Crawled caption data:
* * * * * * *
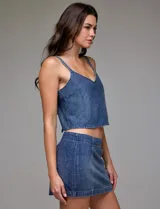 Top corto de denim azul con apliques de strass plateados distribuidos por toda la prenda. Presenta un escote en V y breteles finos, también adornados con strass.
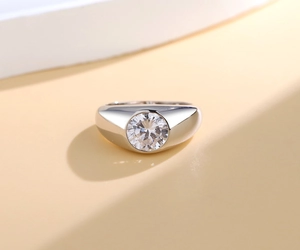 Close-up of a wide silver band ring with a large round-cut sparkling solitaire stone
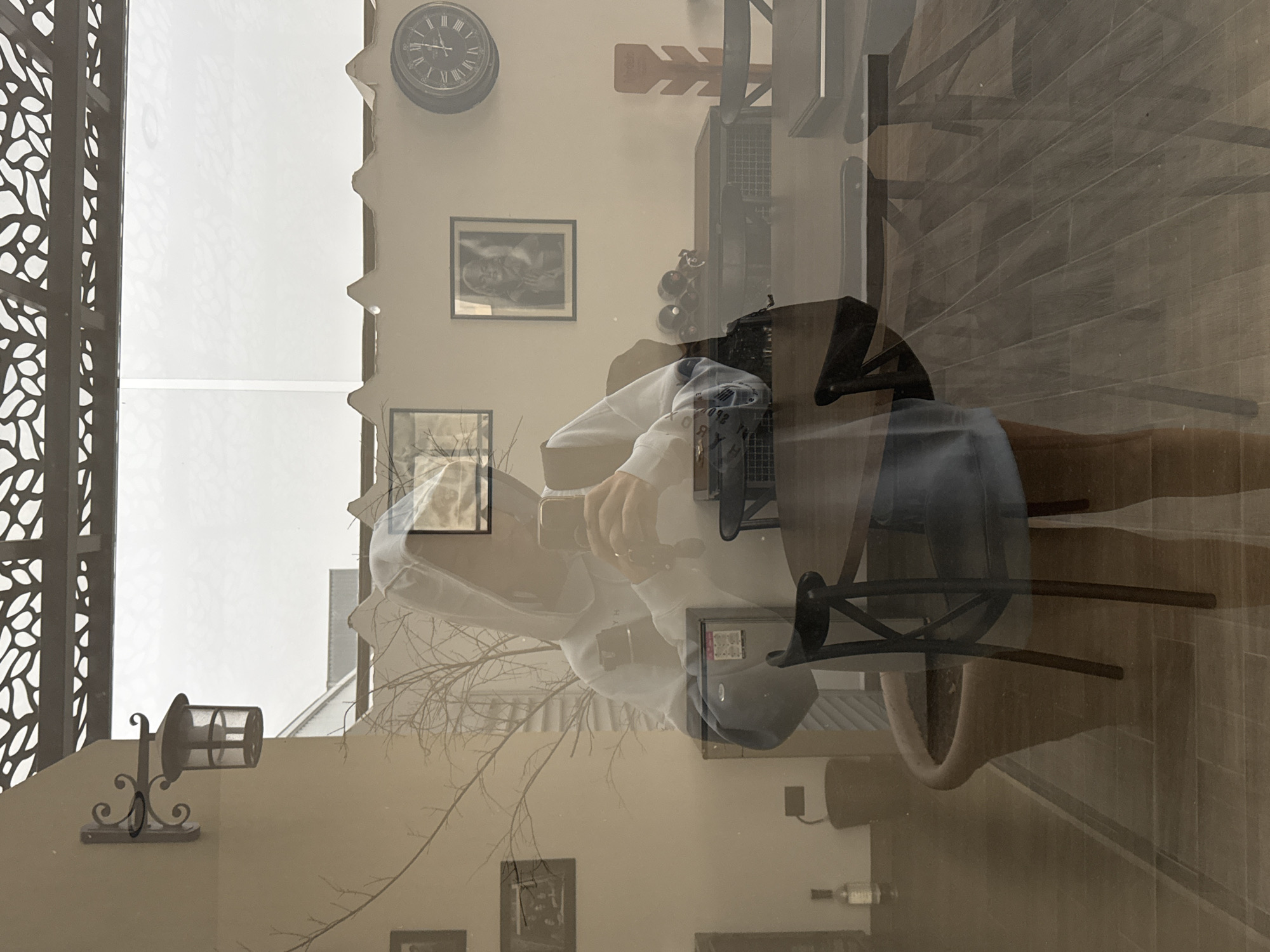 The image is a double exposure of an interior and an exterior scene. The interior features a clock, artwork, and decorative objects on a wall. A table and chairs are visible, suggesting a dining area. The exterior scene shows architectural details of buildings, bare tree branches, and a wall sconce. The overall impression is a superimposed, somewhat surreal juxtaposition of interior and exterior elements. The location mentioned (San Bernardino Tlaxcalancingo, Mexico) does not appear directly deducible from the image content.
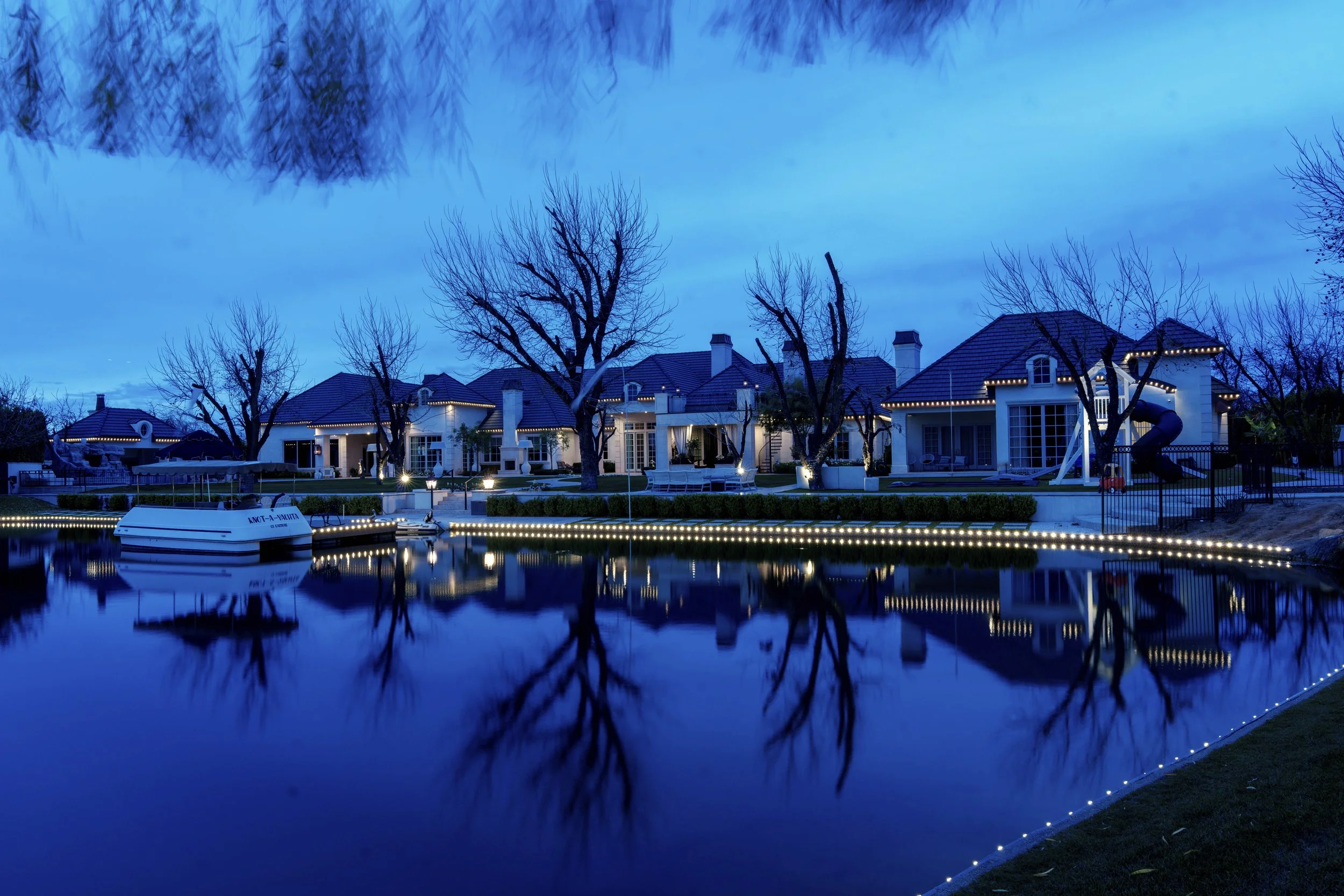 A high-end luxury home and casita lit with permanent roofline lighting, next to a calm body of water wrapped in permanent lights. A boat docked on the water, and leafless pecan atrees are in the background during dusk, under a partly cloudy sky.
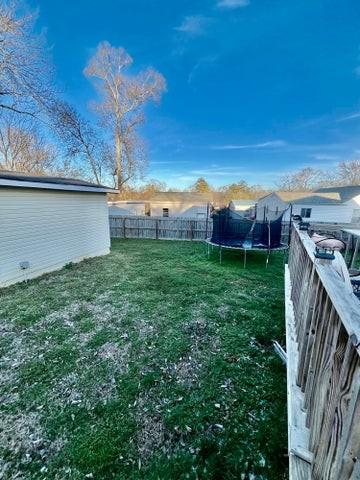 view of yard with a trampoline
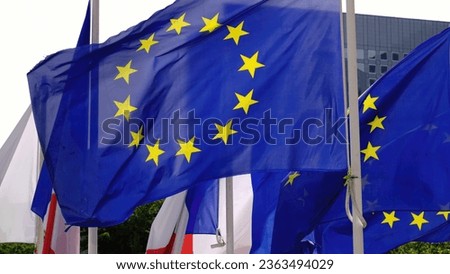 Flags of the European Union waving in the wind - travel photography in Paris France
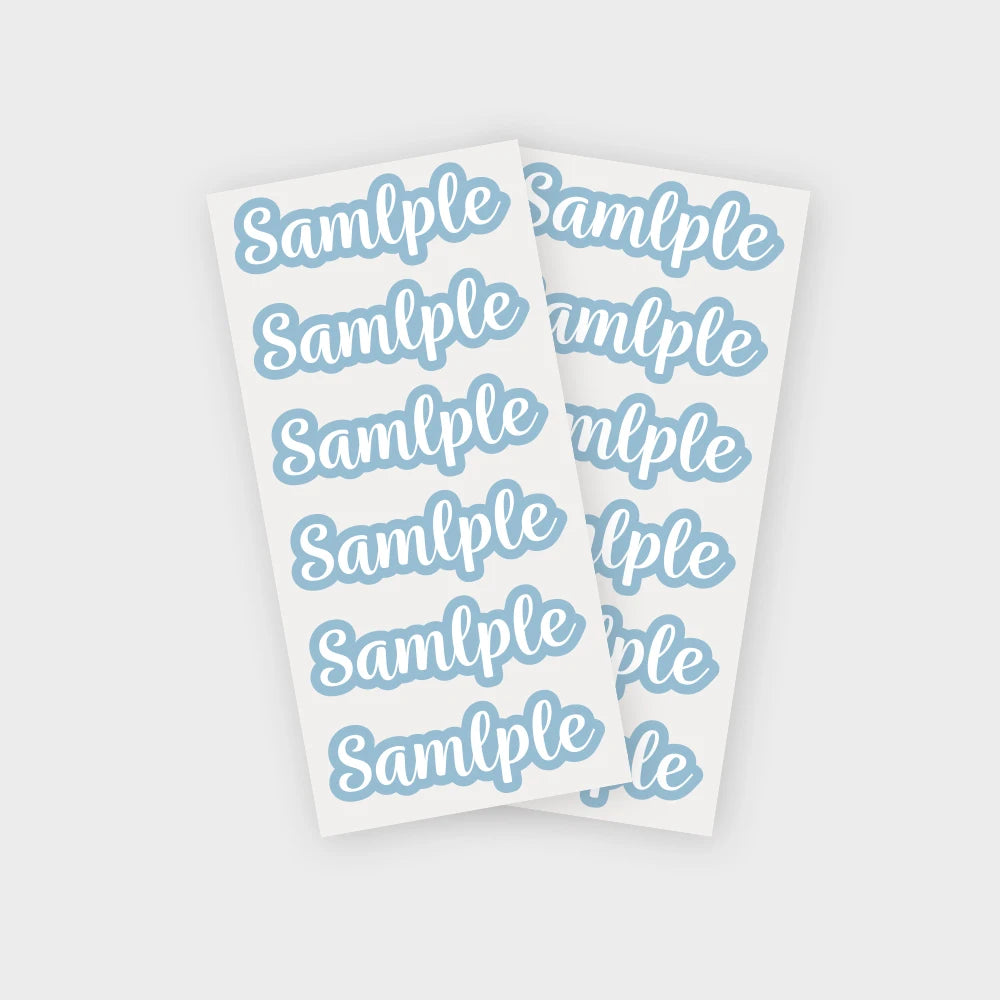 A sheet of white paper with light blue text repeating the word Sample multiple times.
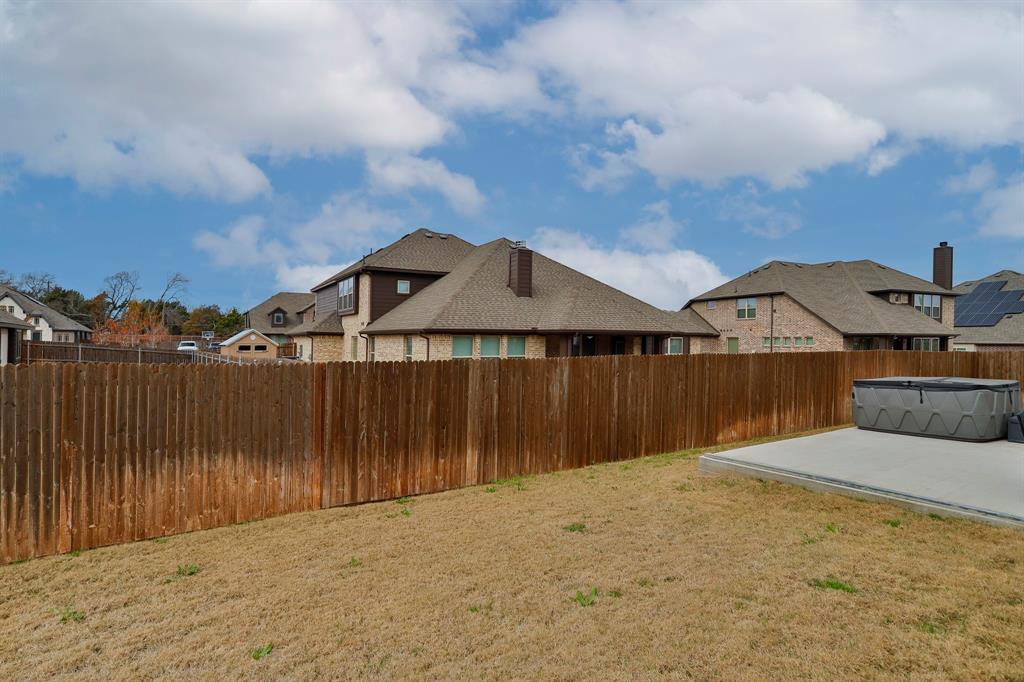 2425 Turning Leaf Lane Midlothian, TX 76065 - Photo 27 of 29 Fenced backyard with a residential view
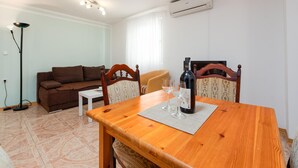 A dining area with a wooden table, two chairs, a wine bottle, and glasses. There is a brown sofa and a white table in the background. - 1 bedroom awesome apartment in Seline (Seline)
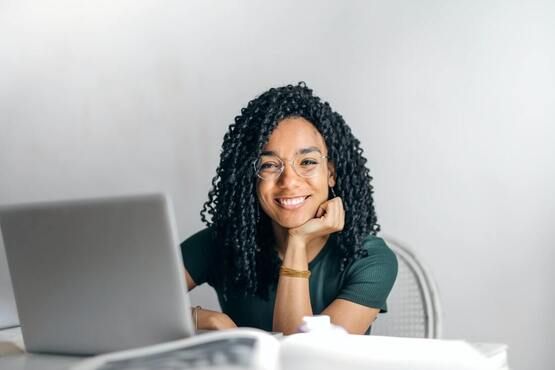 Woman with glasses smiles, resting chin on hand, looking at camera by a laptop.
* * * * * * *
Problem:
Each line of the data is to be duplicated exactly; pictures stay out of the copy.

Answer section:
 Top corto de denim azul con apliques de strass plateados distribuidos por toda la prenda. Presenta un escote en V y breteles finos, también adornados con strass.
 Close-up of a wide silver band ring with a large round-cut sparkling solitaire stone
 The image is a double exposure of an interior and an exterior scene. The interior features a clock, artwork, and decorative objects on a wall. A table and chairs are visible, suggesting a dining area. The exterior scene shows architectural details of buildings, bare tree branches, and a wall sconce. The overall impression is a superimposed, somewhat surreal juxtaposition of interior and exterior elements. The location mentioned (San Bernardino Tlaxcalancingo, Mexico) does not appear directly deducible from the image content.
 A high-end luxury home and casita lit with permanent roofline lighting, next to a calm body of water wrapped in permanent lights. A boat docked on the water, and leafless pecan atrees are in the background during dusk, under a partly cloudy sky.
 view of yard with a trampoline
 Flags of the European Union waving in the wind - travel photography in Paris France
 A sheet of white paper with light blue text repeating the word Sample multiple times.
 2425 Turning Leaf Lane Midlothian, TX 76065 - Photo 27 of 29 Fenced backyard with a residential view
 A dining area with a wooden table, two chairs, a wine bottle, and glasses. There is a brown sofa and a white table in the background. - 1 bedroom awesome apartment in Seline (Seline)
 Woman with glasses smiles, resting chin on hand, looking at camera by a laptop.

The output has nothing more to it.